I have written about this lawsuit here and in our private-enforcement articles. Scardina's litigation demonstrates the commonality ubiquity, and liberal acceptance of defensive constitutional litigation. Like abortion providers and advocates under SB8, Phillips was forced to refuse to bake the cake, get sued, and assert his federal constitutional rights as a defense to liability in state court (so far unsuccessfully).* Unlike with abortion providers and advocates, liberal academics and advocates did not complain about the process or argue that the procedural posture of this case denied the federal courts the opportunity to engage in judicial review or Phillips the opportunity to vindicate his constitutional right.
[*] Colorado's civil rights law mixes public enforcement through the Civil Rights Commission and private enforcement through civil litigation. The Civil Rights Commission began proceedings against Phillips on Scardina's complaint; it dismissed that effort when Phillips brought a federal action to enjoin the proceeding and the federal court declined to abstain, citing Younger's bad-faith exception. Scardina then filed suit in state court.
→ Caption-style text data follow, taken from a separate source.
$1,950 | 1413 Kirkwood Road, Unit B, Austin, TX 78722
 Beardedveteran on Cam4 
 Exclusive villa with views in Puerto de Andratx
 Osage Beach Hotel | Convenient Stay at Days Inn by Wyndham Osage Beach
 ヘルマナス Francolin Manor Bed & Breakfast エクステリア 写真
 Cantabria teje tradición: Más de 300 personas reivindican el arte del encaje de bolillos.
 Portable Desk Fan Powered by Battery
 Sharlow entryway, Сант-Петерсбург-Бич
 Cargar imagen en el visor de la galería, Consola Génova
But there is more to this. Rocky and I are working on piece # 5 in this series on private enforcement, arguing that public accommodation laws and "expressive products" offer the Blue-state counterpart to SB8 and the opportunity for a campaign of actual or threatened litigation to undermine constitutionally protected-but-locally unpopular right-wing conduct of refusing to provide certain products for certain customers. And this context is easier SB8 and other recent Red-State efforts--anyone can order a cake with a simple phone call (or many cakes with many phone calls). Koppelman's objection to Scardina's campaign (he calls it "reprehensible") shows why Blue states are unlikely to take this step. Koppleman is a liberal who believes in balancing LGBT+ rights and religious liberty. He, and other Democratic officials, may not want open legal warfare.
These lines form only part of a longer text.